I have defined a work manager with max threads = 16 and it is not Growable. However, in the logs I can see thread numbering is as high as 180+.
[WorkManager.Transformer : 180] [WorkManager.Transformer : 181] [WorkManager.Transformer : 182] [WorkManager.Transformer : 183]
I suspect due to this, threads are getting starved waiting for resources and throwing a JDBC ConnectionWaitTimeoutException after 180 seconds.
Why are so many threads getting spawned when the max limit is set to 16. What more can I check?
The thread index is the number of total threads that have been created for that thread pool over the lifetime of the server, and it does not necessarily indicate how many threads are currently active. If the pool’s minimum and maximum values are not the same, the pool will delete threads down to its configured minimum after a period of unuse, then create new threads if demand rises above that minimum level. The newly-created thread’s index is simply the next number that hasn’t been used yet.

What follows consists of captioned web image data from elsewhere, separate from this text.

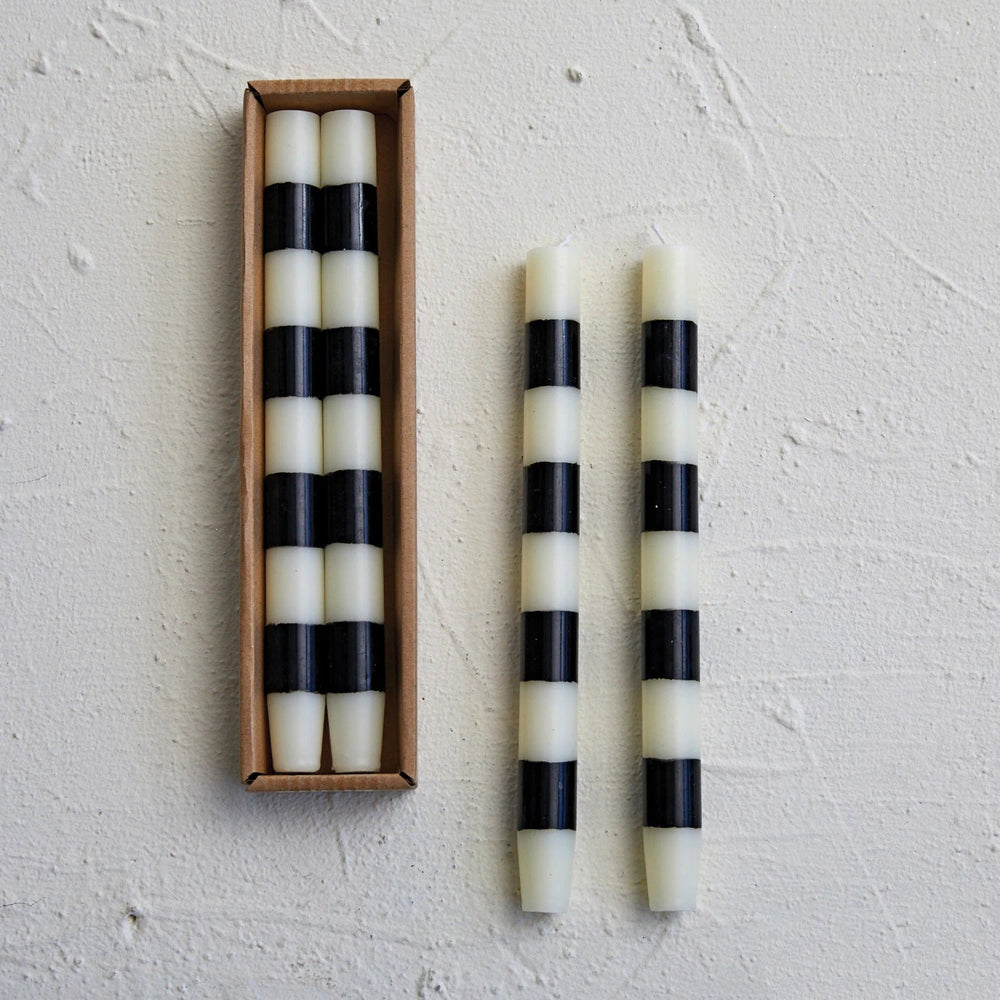 BLACK & WHITE STRIPED TAPER CANDLES Creative Co-op Halloween Home Decor Bonjour Fete - Party Supplies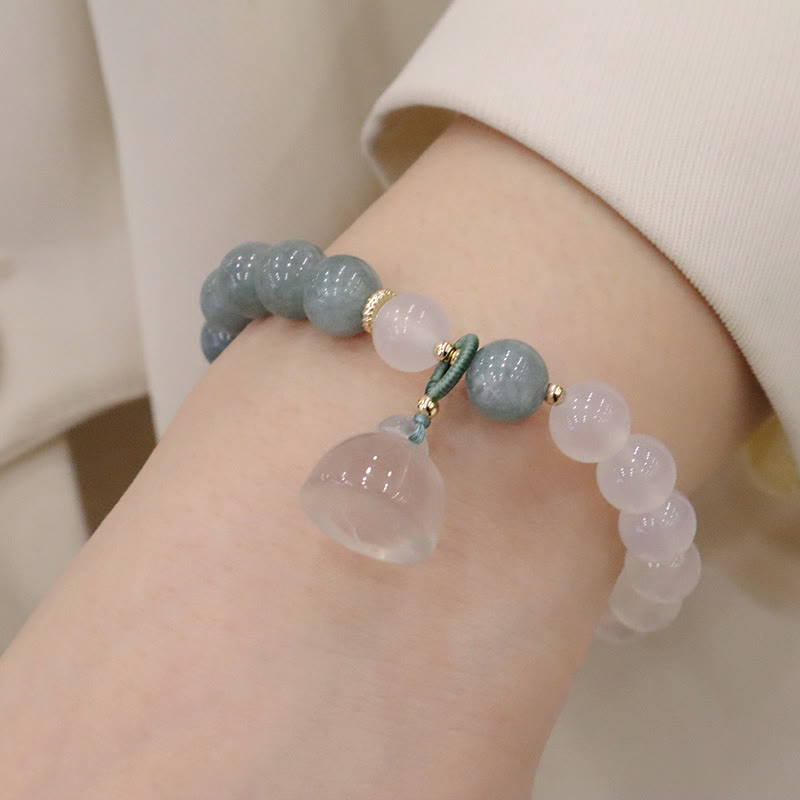 Buddha Stones白瑪瑙 翡翠 蓮の花 平和バックル 守護ブレスレット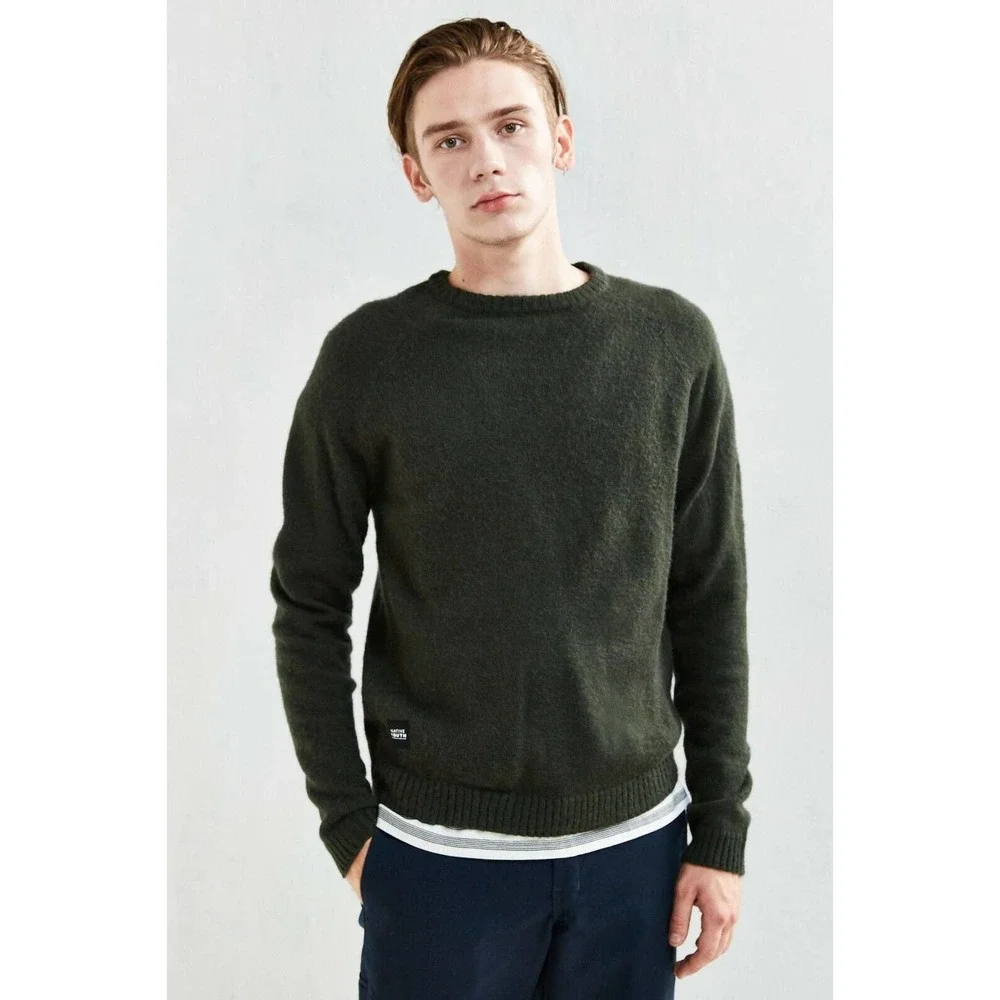 Native Youth Size M Altitude Knit Men's Sweater Wool‎ Blend Crew Neck Pullover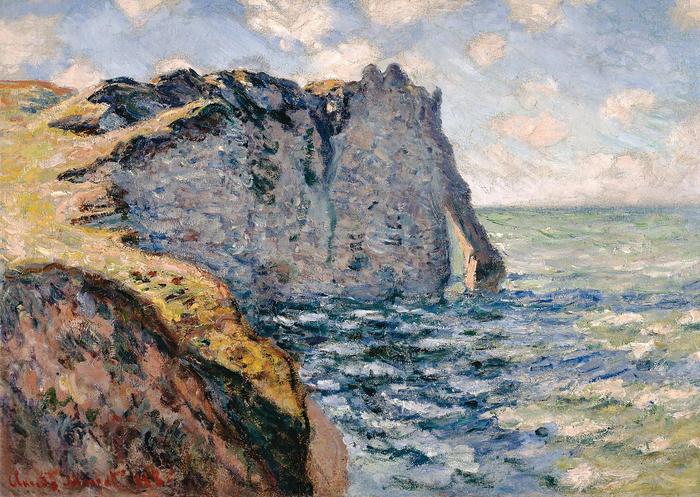 Aval Etrétat sziklái, Claude Monet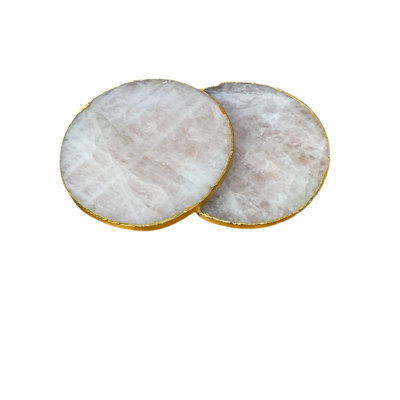 Sous-verres roses à quartz et pierres précieuses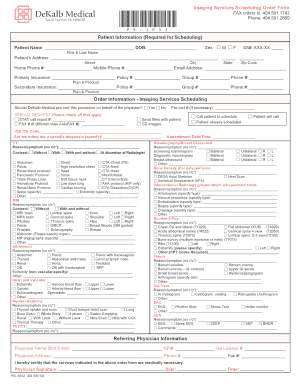 Imaging Services Scheduling Order Form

For example, if you have a pool with minimum size 1 and maximum size 5, and you dispatch five work items to it simultaneously, it will create threads with the names “Pool : 0” through “Pool : 4”. When those work items finish, after some amount of time all but one of them will be deleted, as specified by the minimum pool size. If you again dispatch five work items to the pool, four threads named “Pool : 5” through “Pool : 8” will be created, but you only have five active threads even though the highest index number is 8.
If you’re concerned that this isn’t actually the case, you can collect a javacore from the process (
kill -3 <pid> or request it through the server’s administrative console) and simply count the number of threads with “WorkManager.Transformer” in their name – I’m guessing it’ll be 16 or less. The javacore will also be useful in determining what’s causing your resource issues, as you’ll be able to see the stacks of threads along with any locks or other resources they’re waiting on.